A 2-year-old boy with atopic dermatitis developed a flare of his eczema after having a bath with mint-scented soap. His mother treated the flare with over-the-counter topical hydrocortisone cream. Two to 3 days later, he developed grouped vesicles on the right side of his neck. Three days after that, he developed a painful generalized vesicular eruption all over his body.

The boy was admitted to a hospital for supportive care and empiric antibiotics, but was discharged when no bacterial infection was found. The patient’s mother was instructed to follow up with his primary care provider in the next 2 weeks.

Three days after his hospitalization, the eruption on the young boy’s body spread and he was uncomfortable. He was brought to our hospital’s pediatric clinic, where physicians examined him and decided to transfer him to the university hospital for further evaluation.

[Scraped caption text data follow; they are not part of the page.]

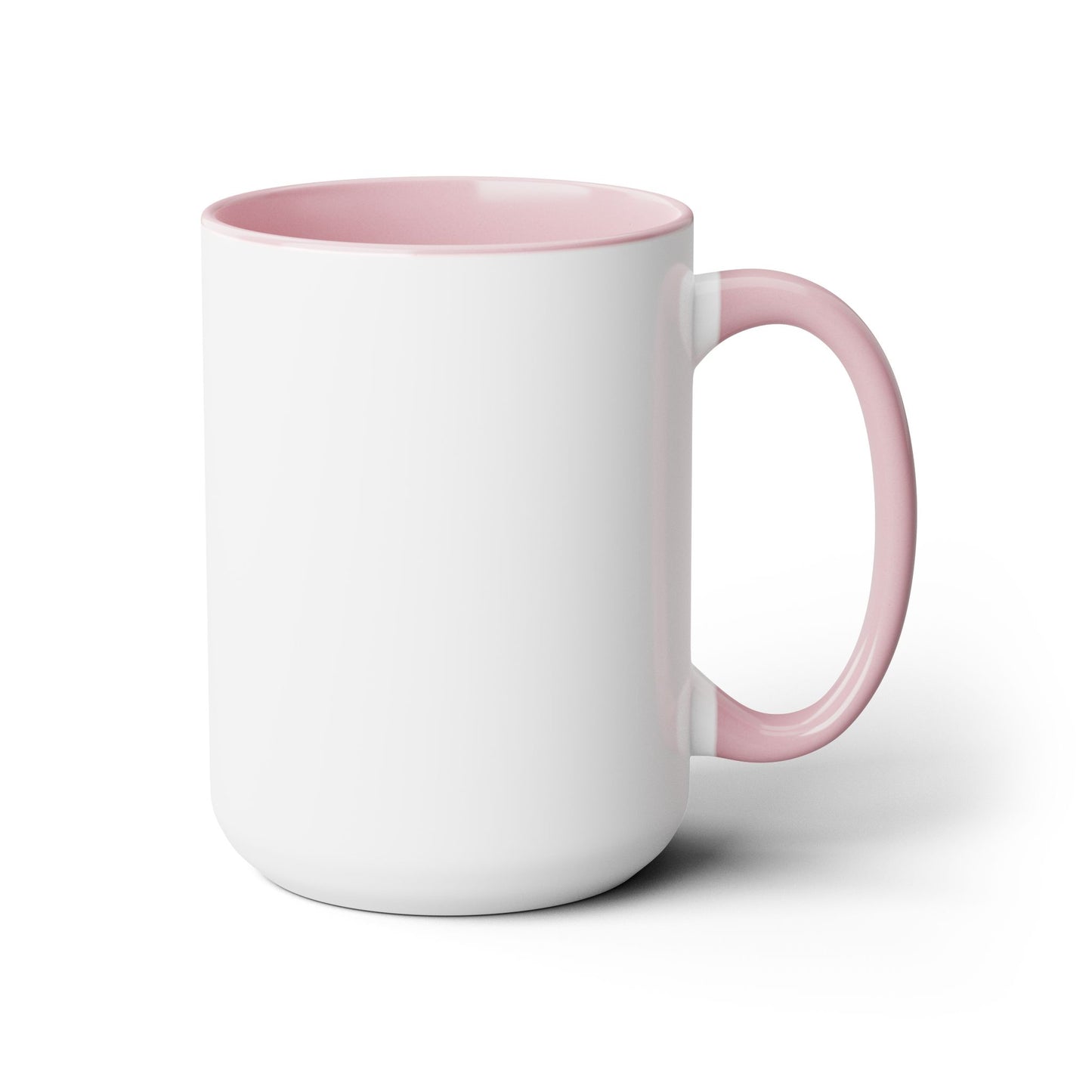 Morgan Mugshot (Two-Tone Coffee Mugs, 15oz)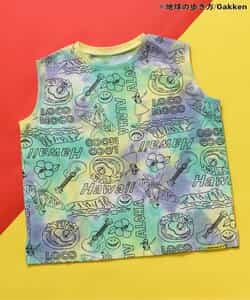 【地球の歩き方コラボ】あこがれ3都市ノースリ総柄Tシャツ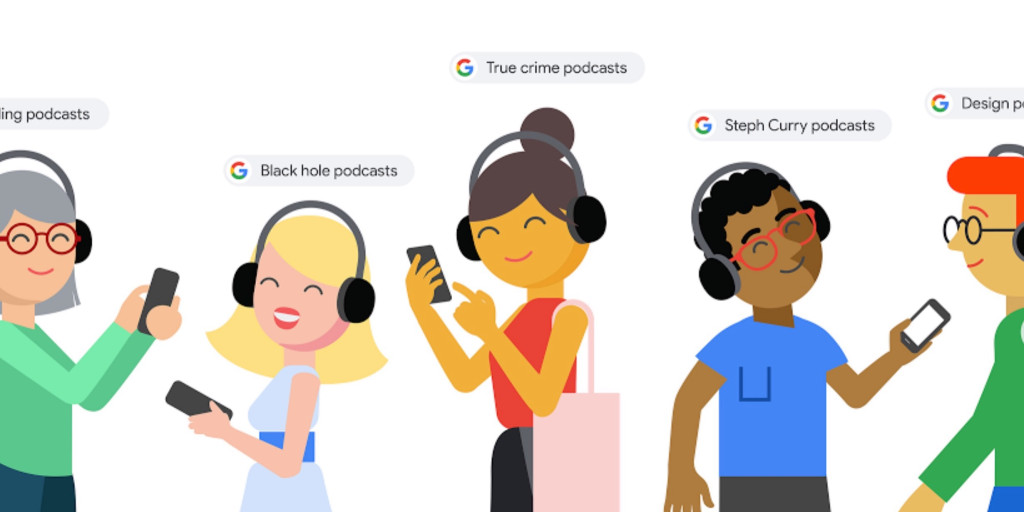 Google podcast search
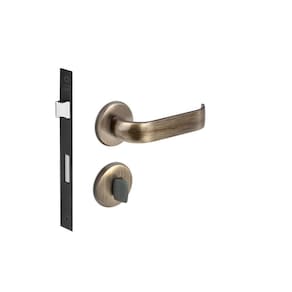 Fechadura Banheiro Duna 3 Maq 40 Imab Antique
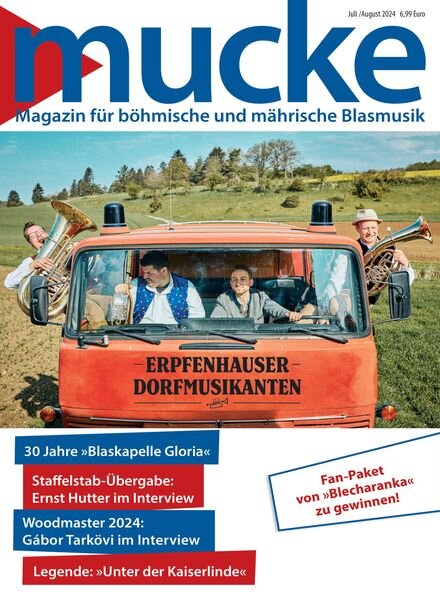 Mucke – Juli-August 2024 Cover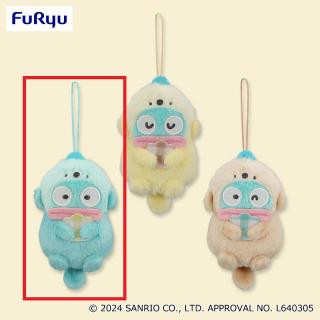 【サンリオ】【Aグリーン】ハンギョドン ラテらっこマスコット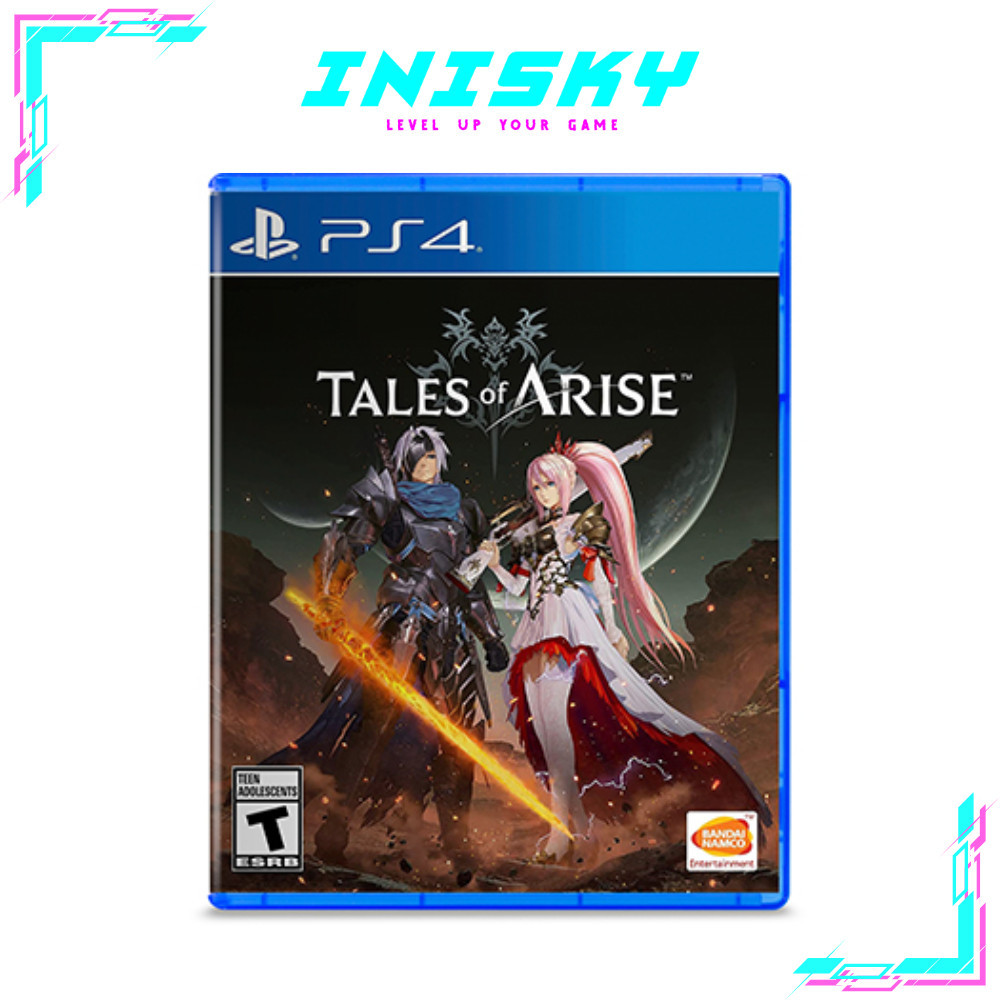 Tales of Arise - แผ่นเกม PS4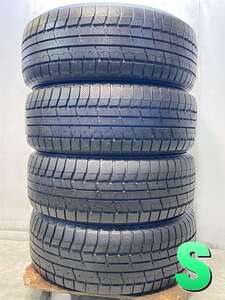 中古タイヤ スタッドレスタイヤ 4本セット 225/55R18 トーヨータイヤ ウィンタートランパス TX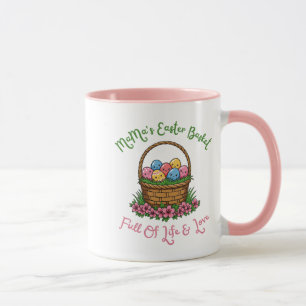 MaMa's Easter Basket Mug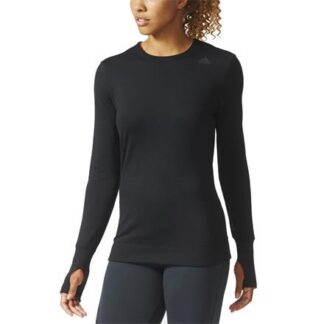 adidas Climaheat Baselayer Longsleeve  schwarz | Omidis.de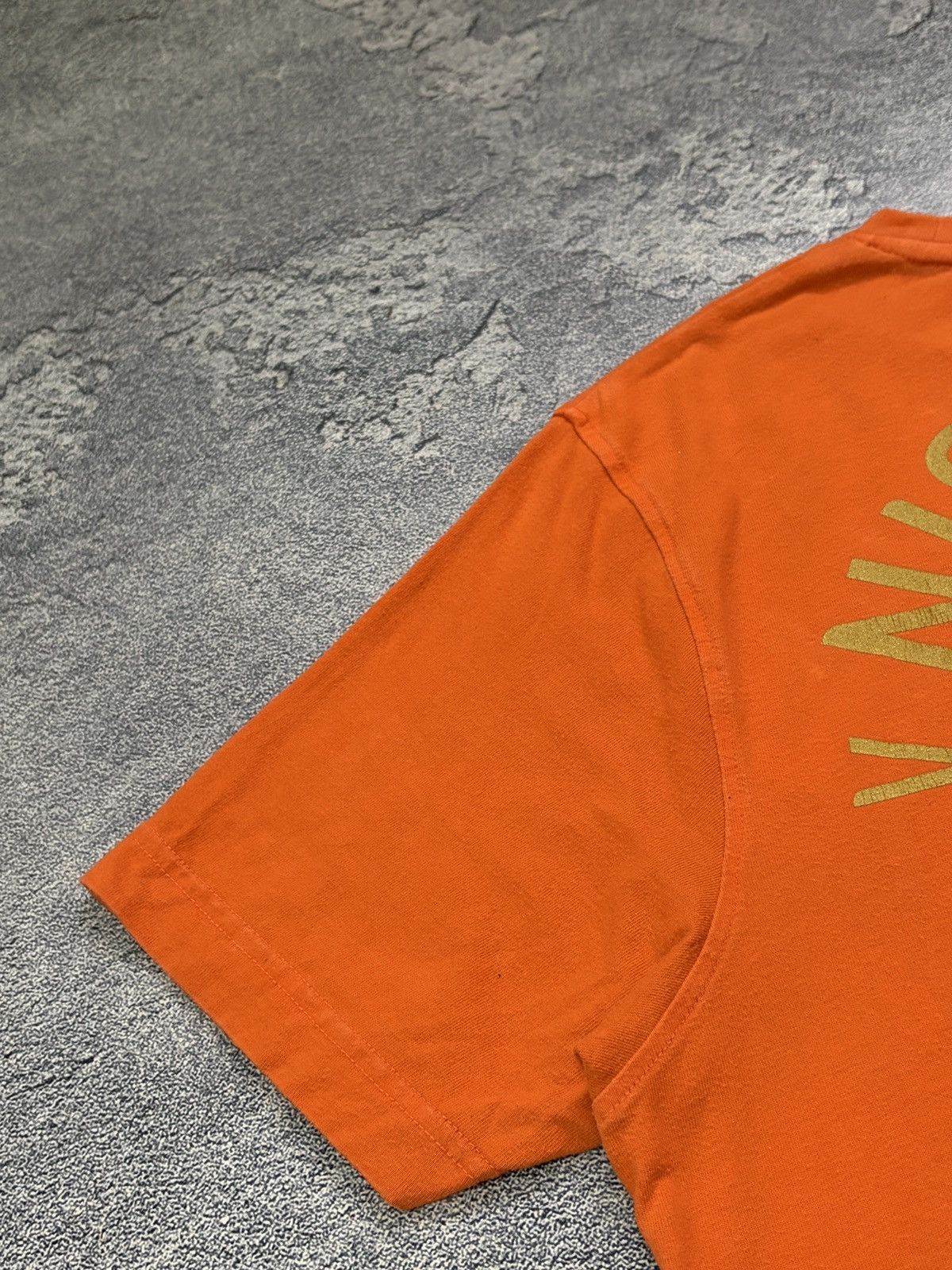 Nike Vintage Nike 2006 Netherlands V. Nistelrooy Orange T-Shirt L Size US L / EU 52-54 / 3 - 8 Thumbnail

On exam, the boy was afebrile, but uncomfortable and irritable. Diffuse heme-crusted and punched-out erosions covered about 90% of his body (FIGURE). His mucous membranes were not involved. Underneath the heme-crusted erosions, there were lichenified pink plaques on the antecubital fossae, popliteal fossae, periocular face, and buttocks. The patient’s right dorsal foot had a small vesicle; all other vesicles on his body had crusted over.

The patient’s family indicated that the child had received the varicella vaccine without incident at 12 months of age. He had no history of travel, no contact with sick individuals, and no exposure to pets or other animals.